- **WHAT IS REQUIRED**: Pictures are to be left out; everything else in the records must be repeated exactly.

- **DATA SHOWN**:
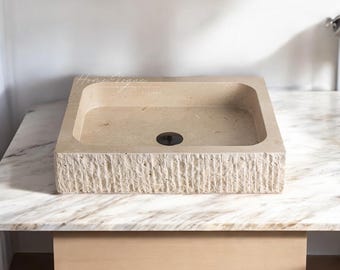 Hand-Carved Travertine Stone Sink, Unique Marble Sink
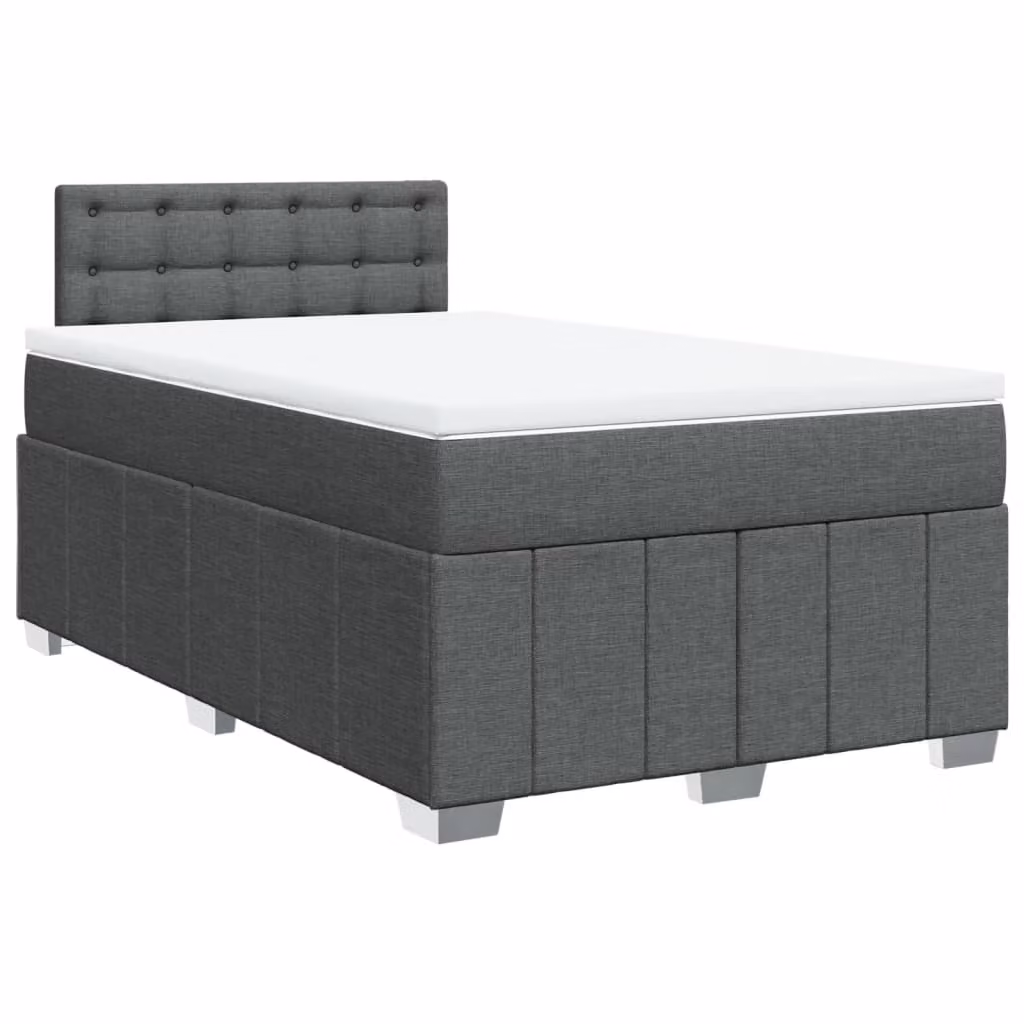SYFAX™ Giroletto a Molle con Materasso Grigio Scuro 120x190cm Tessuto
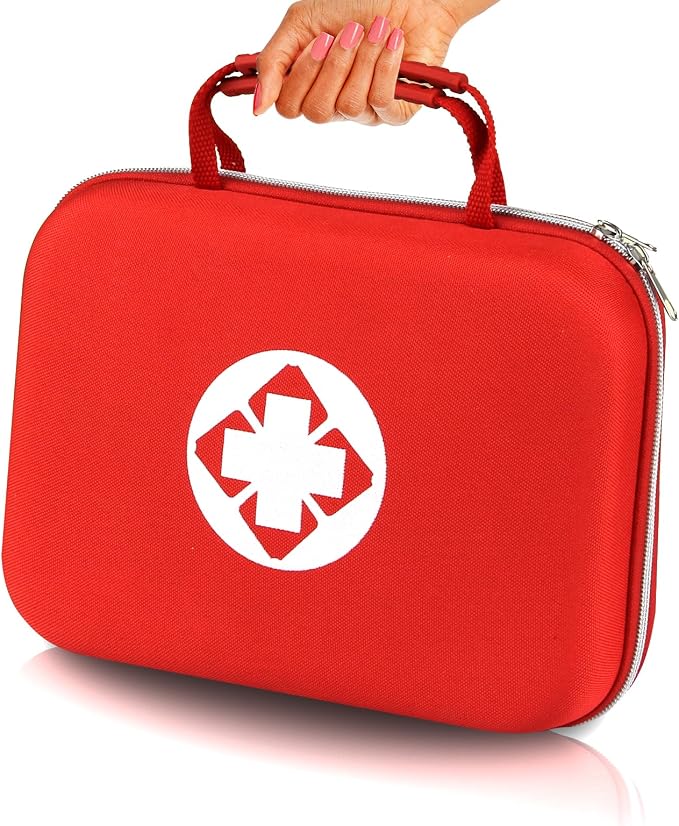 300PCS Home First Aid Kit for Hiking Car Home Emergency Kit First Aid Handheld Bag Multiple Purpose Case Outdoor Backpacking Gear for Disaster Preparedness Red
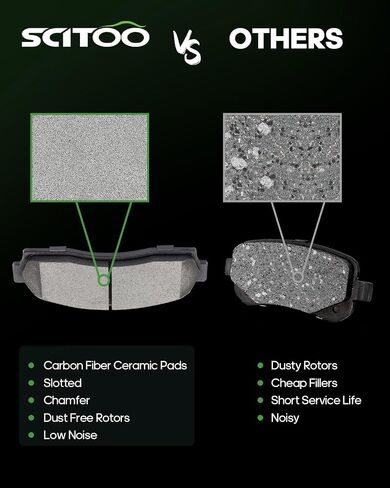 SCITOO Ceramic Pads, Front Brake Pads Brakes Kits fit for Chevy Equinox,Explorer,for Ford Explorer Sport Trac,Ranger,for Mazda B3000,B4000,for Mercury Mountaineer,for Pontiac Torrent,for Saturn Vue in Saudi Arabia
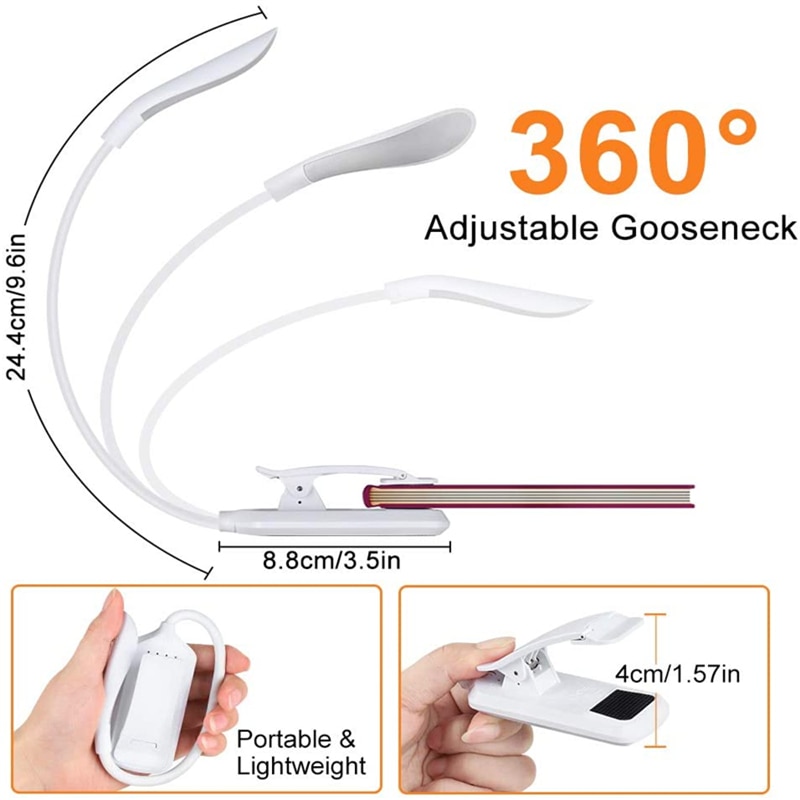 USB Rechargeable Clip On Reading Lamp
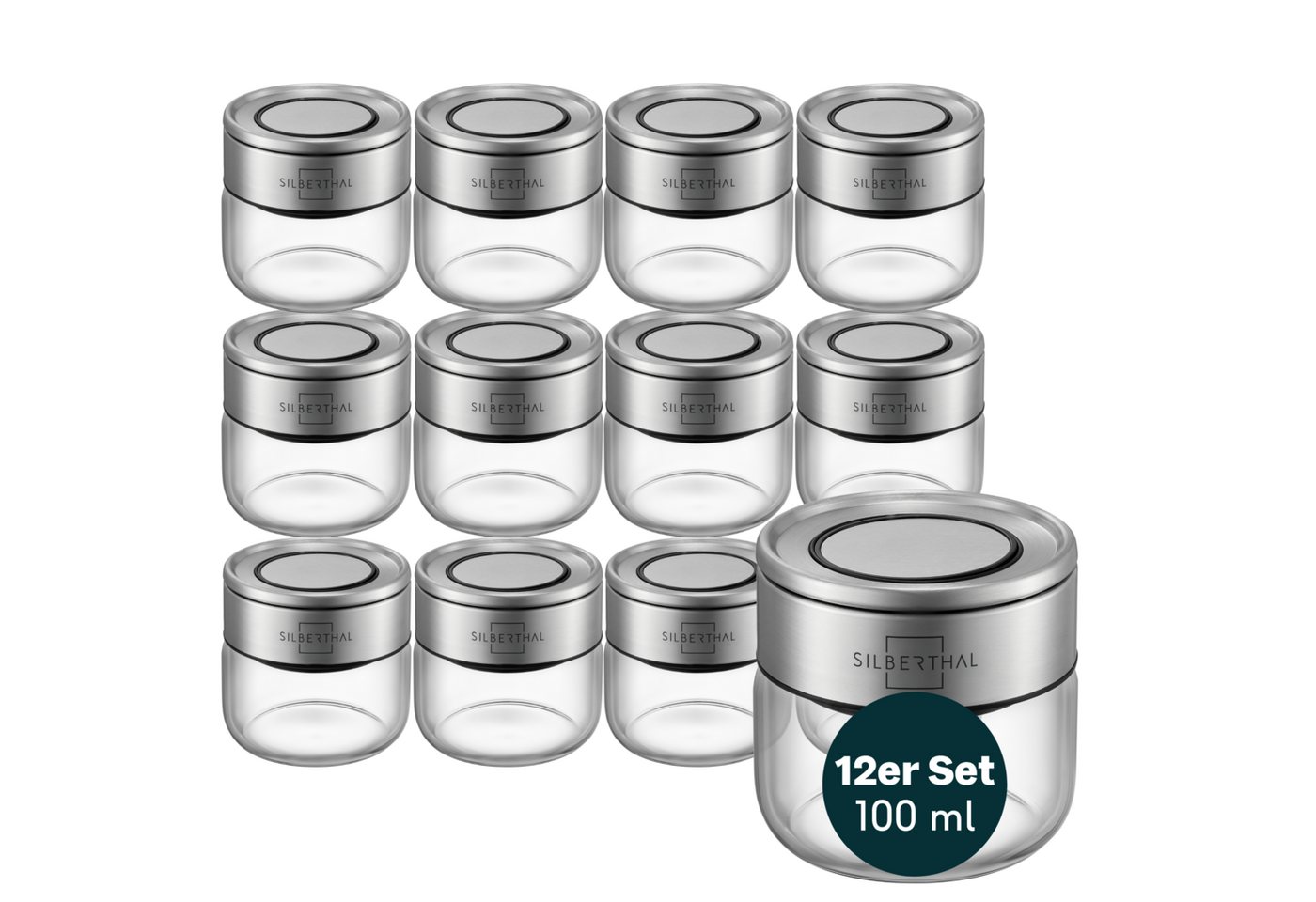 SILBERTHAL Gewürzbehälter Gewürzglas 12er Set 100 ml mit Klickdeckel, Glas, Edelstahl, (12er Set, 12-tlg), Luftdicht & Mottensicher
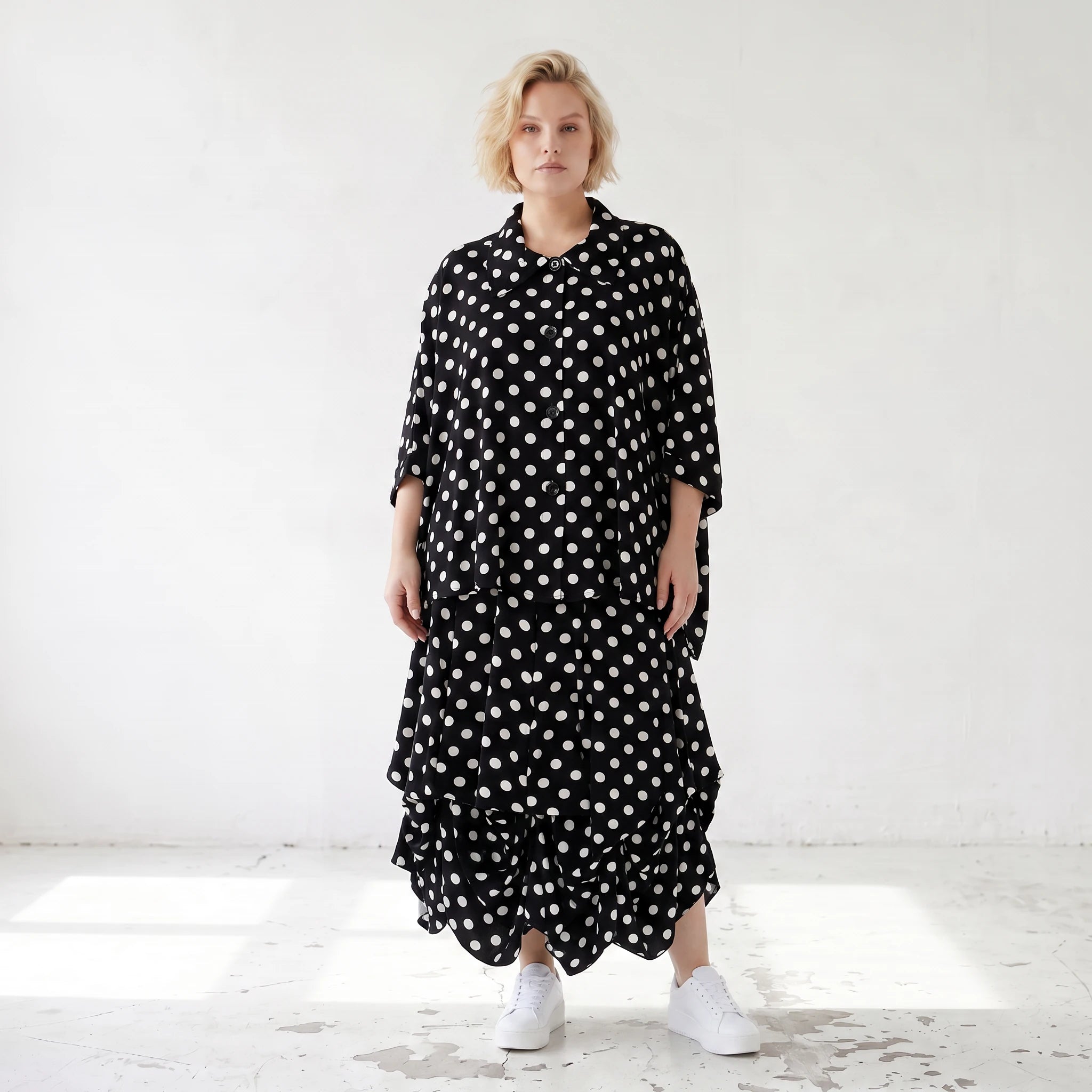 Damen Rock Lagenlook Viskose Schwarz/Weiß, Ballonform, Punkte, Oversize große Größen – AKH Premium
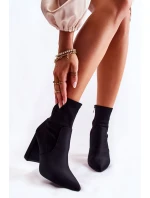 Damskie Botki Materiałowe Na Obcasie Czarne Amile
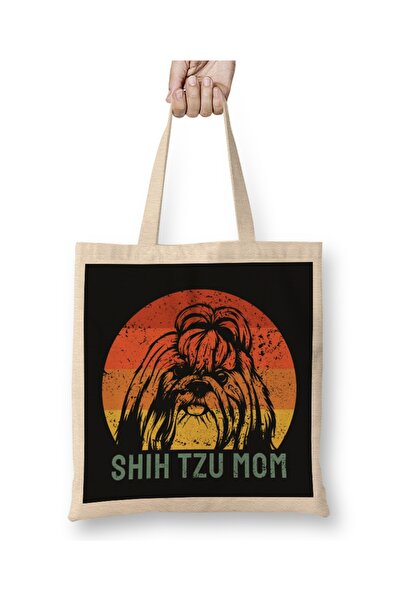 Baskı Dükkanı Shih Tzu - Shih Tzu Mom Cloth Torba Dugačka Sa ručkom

- **SOLUTION FOR THIS PROBLEM**:
 Hand-Carved Travertine Stone Sink, Unique Marble Sink
SYFAX™ Giroletto a Molle con Materasso Grigio Scuro 120x190cm Tessuto
 300PCS Home First Aid Kit for Hiking Car Home Emergency Kit First Aid Handheld Bag Multiple Purpose Case Outdoor Backpacking Gear for Disaster Preparedness Red
 SCITOO Ceramic Pads, Front Brake Pads Brakes Kits fit for Chevy Equinox,Explorer,for Ford Explorer Sport Trac,Ranger,for Mazda B3000,B4000,for Mercury Mountaineer,for Pontiac Torrent,for Saturn Vue in Saudi Arabia
 USB Rechargeable Clip On Reading Lamp
 SILBERTHAL Gewürzbehälter Gewürzglas 12er Set 100 ml mit Klickdeckel, Glas, Edelstahl, (12er Set, 12-tlg), Luftdicht & Mottensicher
 Damen Rock Lagenlook Viskose Schwarz/Weiß, Ballonform, Punkte, Oversize große Größen – AKH Premium
 Damskie Botki Materiałowe Na Obcasie Czarne Amile
 Baskı Dükkanı Shih Tzu - Shih Tzu Mom Cloth Torba Dugačka Sa ručkom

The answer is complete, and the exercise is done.